I brought my baggage into the relationship and you brought your baggage – all of that baggage and nowhere to store it. Since there was no where to store it, we did the next best thing - we unpacked it. We wore it, hung it up in our closets and even washed it and cared for it. No one said to me, “Hey! You don’t have to do that. That’s old baggage. Get rid of it. Deal with it and move on. No need for that stuff here.”


So from every relationship (including a failed marriage and my current marriage), I carried all of my baggage into the next relationship, without really knowing it was there. I thought all of that junk was just who I was and everyone needed to live with it. I thought that if I gave up all of that stuff then who would I be? A different person? I couldn’t imagine that thought. I couldn’t imagine not being all the things that made me me. I mean, in my mind, that was my personality.


I didn’t even know I needed to be “fixed.” How’s that for real? I honestly believed those negative things were my quirks and were with me for life. I was just doomed to have to deal with people who misunderstood me. Therefore, all of my relationships at some point would end. I thought it was everyone else’s problems that ended our relationships. I had no idea that I contributed.


What. A. Martyr.

What. A. Victim.


It’s embarrassing and exhausting just writing it all out. I didn't see how I contributed to my failed relationships.

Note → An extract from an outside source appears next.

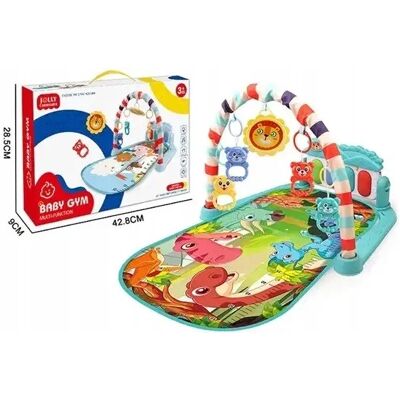 Lean Toys Mata Edukacyjna Dla Niemowląt Z Pianinkiem I Pałąkiem – Dinozaury 3w1 Lean Toys Mata Edukacyjna Dla Niemowląt Z Pianinkiem I Pałąkiem – Dinozaury 3w1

While I could go into major details about things I learned from being married at 19, divorcing, living a crazy single life for a few years then marrying again, I won't. For now. That would be a whole post by itself, cause YALL. I learned so much from all of that.


But I will tell you about a friendship that meant a lot to me but tanked in a big way - a catylist of sorts for my journey to getting rid of all that excess, unhealthy baggage I carried around with me like a prize.


I had two very close friends. Our relationship was rocky but it felt steady, normal, as far as I knew. I was willing to deal with the hard parts of it if it meant I had friends. This relationship felt like a triangle - we could be friends with one another, but not all together. That was too much. It was divisive. Because of all of our own baggage, the relationships were high strung, volatile and inconsistent. I wanted for all of us to be close (I think we all did, really), but it was obvious fairly quickly that we weren’t going to be. There was too much mistrust with each other, too much deception and too much competition.


We all just needed to let down walls and deal with our own issues. But no one ever told us that. No one ever shared how to do that. All we knew to do was point a finger at someone else.


There we all stood – pointing, blaming, accusing. Not one of us said, “You know what? I think I may be contributing to some of this mess. Let me work on me and you work on you and then let’s reconvene, shall we?”


Wouldn’t that have been a lovely thing?


Instead, the relationship imploded, in a very nasty, humiliating, ugly way. But looking back? I'm thankful for that blow up. It was a major wake up call to re-evaluate my life and the cycles I was living in.

Over the course of the next few weeks, Jesus gave me an invitation to walk with Him like Adam and Eve did in the Garden of Eden. He set me up (He’s sneaky like that!) for a journey that continues to rock my world even 10 years later. It changed the way I do life. It changed the way I manage my relationships. It changed everything.


How are you with relationships? Not just your marriage or your parents, but your friendships, your business relationships - all of them? Your relationship with God? Do you notice areas that seem to be cyclical? Do you find yourself acting out in the same kind of ways over and over?
Take some time to ask God - and if you're brave enough, ask someone really close to you that you trust - "What am I like in relationships? What are my triggers? What baggage am I carrying around, acting as if it's my "personality" or "who I am?" How can I get rid of it?

And that relationship that tanked all those years ago? God was faithful to allow me to restore that friendship in a healthy way. Isn't that amazing?! He can do that for you too!